From what I have seen, most of the saltwater grizzly necks these days are a spin off of a dry fly neck. Just my opinion.
It is probably too costly to really breed a chicken for saltwater grizzly necks because it would have to be an older bird so theat you get long, wide, stiff and webby hackles.
If I am not mistaken, Stu Apte originally used saddle hackles as did Winston Moore. Both of these tyer's patterns are still very effective today.
The Sea Ducer was originally called "The Hackle Fly" and was used in the Ozarks circa late 1800's to very early 1900's as a bass fly in rivers. Homer Rhodes took that style of fly and came up with his Homer Rhodes Tarpon Streamer.
You can still see the influence of "The Hackle Fly" style of tying on tarpon flies today.
The "Keys Style" of tarpon fly uses the splayed tail and the collar can be just about any material. It seems that palmered hackle was initially used and then other materials followed. Bob Kay told me that he used marabou on some of his tarpon flies becaue it absorbed water faster and had more movement in the water.
The idea or dynamics behind using a splayed tail and full collar on these types of tarpon flies is that it pushes more water causing more of a disturbance that the tarpon key in on.
Just a note on the Stu Apte tarpon flies that use squirrel tail for the collar. When I talked to Stu about his flies, he told me that prior to tying on the collar he wraps a small ball of thread and ties the collar (squirrel tail) DIRECTLY in front of the ball of thread and DOES NOT wrap the thred over the ball. This causes the squirrel tail hairs to flare instead of laying along the hook shank.
|11-14-2003 03:17 PM|
|striblue||Yes ..Thanks... I put a Homer Rhodes fly in a series I did on the Classics... Good info on Fernandez.|
|11-14-2003 03:13 PM|
|Capt. Mel Simpson||
Cockroach Tarpon flies
There are 2 basic Cockroach patterns, the first was by John Emery, described by Lefty as a "Deceiver Style". The splayed grizzly feathers were attached about 1/2 way up the hook and then a collar of grey squirrel finished with a large black head ending at the ring eye.

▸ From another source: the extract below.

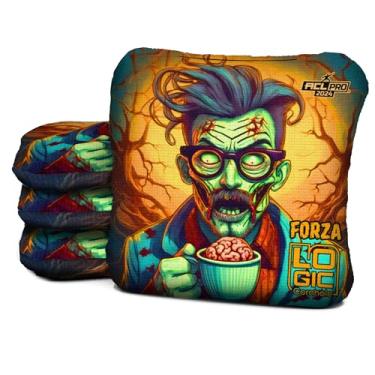 Imagem de Logic Cornhole Zombie Brain Tea - Série de vários sacos disponíveis - Sacos aprovados pela ACL - Sacos profissionais Cornhole Slick and Stick | Tamanho e peso regulamentares (Forza 6/9 - ACL Pro)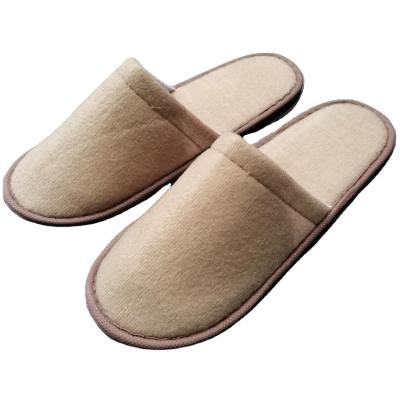 China Exquisite Disposable Hotel Amenities Hotel Slippers Cotton Disposable Slippers for sale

The second was tied "Keys Style", by Chico Fernandez. He tied the feathers on just above the barb and had a black bear or brown bucktail collar with a black or brown head and left the hook shank bare.
The "Keys Style" is hard to define because Homer Rhode's flies of the 50's were called that but they looked like Seaducers and may or may not have been splayed?!?!
The Tarpon flies of today are a combination of the above plus different collar materials, eyes, flash, etc,.
Still, when you buy your feathers and start trying to get 3 or 4 long splayed feathers to lay flat against each other on the hook, then you will know why you bought the best you could find!
Books: Saltwater fly patterns- Lefty, Flies for Saltwater - Dick stewart, and Paul Schmookler's book Volume 2.
|11-13-2003 06:18 PM|
|striblue||Lefty's Cochroach is done with a grizzly hackle for the tail and squirel for the collar... do a search in the Striper fly archive where there are 30 classic flies... Use the search word "classic".. you will find the cochroach as well as Apte's tarpon fly|
|11-13-2003 05:08 PM|
|Capt. Mel Simpson||
I would look for a feather that is wide and long, round tipped, densely webbed, with a sturdy straight stem that is splayed. My preference is the Whiting American Rooster Cape for all my tarpon wings. I also use a soft wide saddle in front of the collar.
Because our tarpon are the giants, my flies are big, about 4" long.
|11-13-2003 08:12 AM|
If you're tying specific patterns, the recipe should describe the type of hackle used in the original. Otherwise I would say it depends on the pattern style and which part of the fly (collar, wing, tail etc.).
For the muddy estuaries of Costa Rica, patterns that push a lot of water and kick out a bunch of vibes would call for a good stiff cock neck whereas a clear water palmered worm pattern would have a lot more life tied with a softer hackle.
Saddlles are great for palmering on long shank hooks. I guess hen could have an application also.
|11-12-2003 09:54 PM|
Hackles for Tarpon flies
Looking for advice on what are the best hackles for tying tarpon flies like the cockroach. Neck? Saddle? Hen? Rooster? you tell me. If anyone knows any good brands please tell.